Concepedia

TLDR

Complexity is both a property of systems and a way of organizing our thinking about them. The article develops second‑order complexity by contrasting Bruner’s logico‑scientific and narrative modes of thinking. The authors use Bruner’s framework to critique logico‑scientific thinking about organizational complexity and propose narrative‑based alternatives. Evidence from complexity theory supports the narrative mode, and applying it to recursiveness and other features such as nonlinearity, indeterminacy, unpredictability, and emergence demonstrates its value.

Abstract

Complexity is not only a feature of the systems we study, it is also a matter of the way in which we organize our thinking about those systems.

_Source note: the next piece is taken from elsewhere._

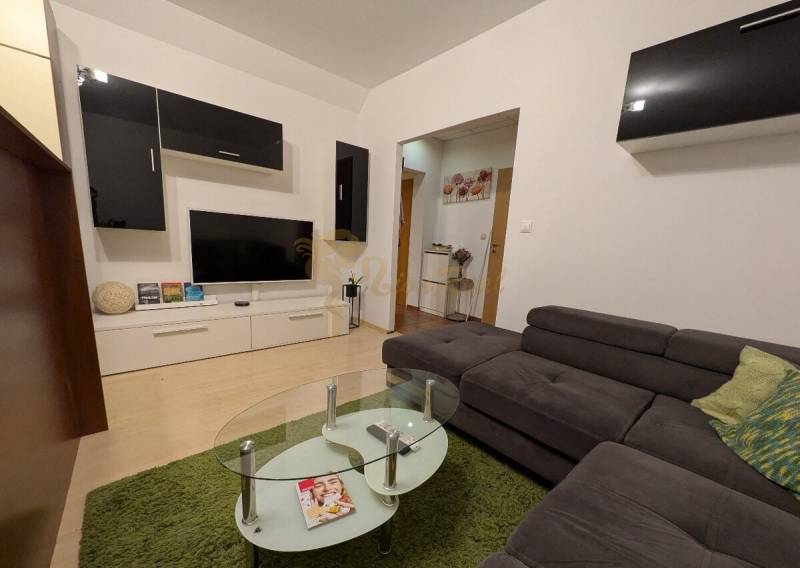 4-izb. byt na ul. Wolkrova, Petržalka, upravený na 2 bytové jednotky - Obývacia izba v 4-izbovom byte s tmavou sedačkou, televízorom a dekoratívnym kobercom.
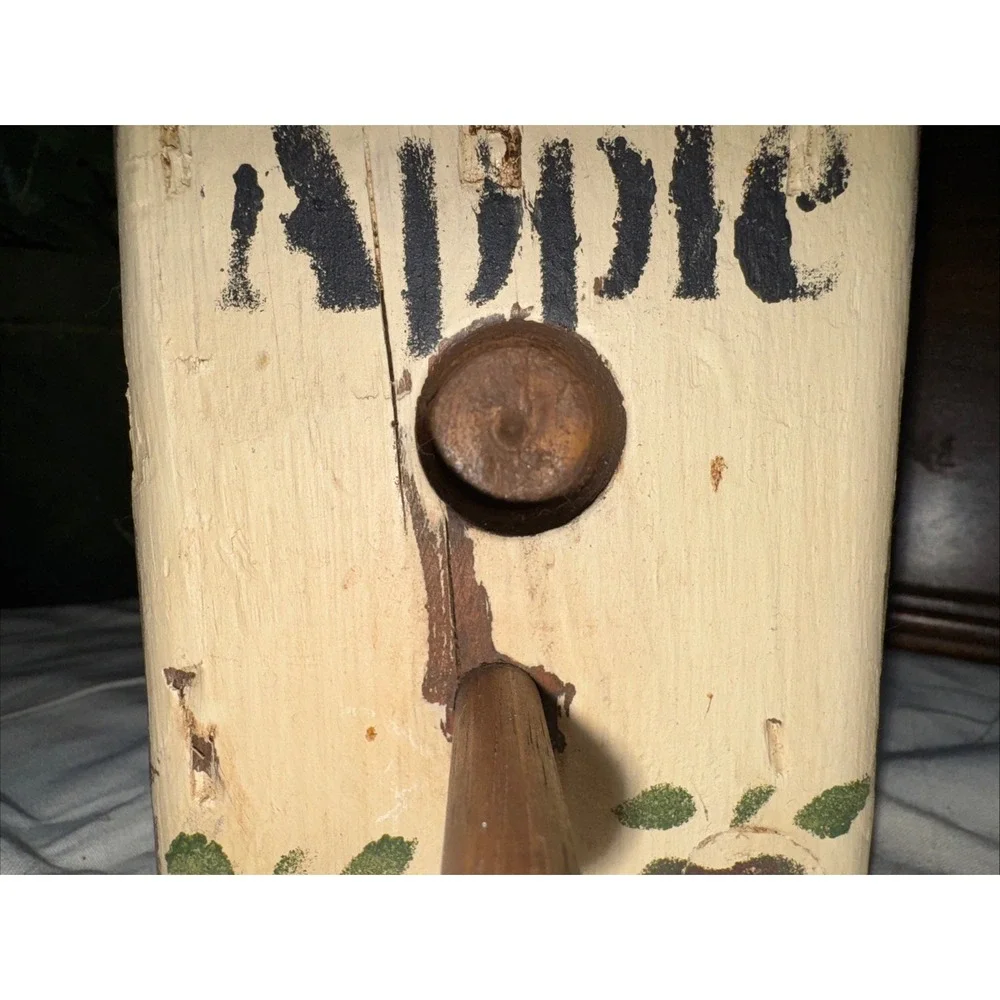 Decorative Wooden Bird House Green Color Features Squares Colors, Apple On Top‎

This second-order complexity invites consideration of the modes of thinking we use to theorize about complexity, and in this article we develop the idea of second-order complexity using Jerome Bruner’s contrast between logico-scientific and narrative modes of thinking. Using Bruner’s framework, we examine and critique dominant forms of thinking about organizational complexity that are rooted in the logico-scientific mode, and suggest alternatives based in the narrative mode. Our evidence for the value of doing this comes from the logic of complexity theory itself, which we claim indicates and supports the use of the narrative mode. The potential contribution of the narrative approach to developing second-order thinking about organizational complexity is demonstrated by taking a narrative approach to the matter of recursiveness. By extension, similar insights are indicated for other features that logico-scientific thinkers commonly attribute to complex systems, including, nonlinearity, indeterminacy, unpredictability and emergence.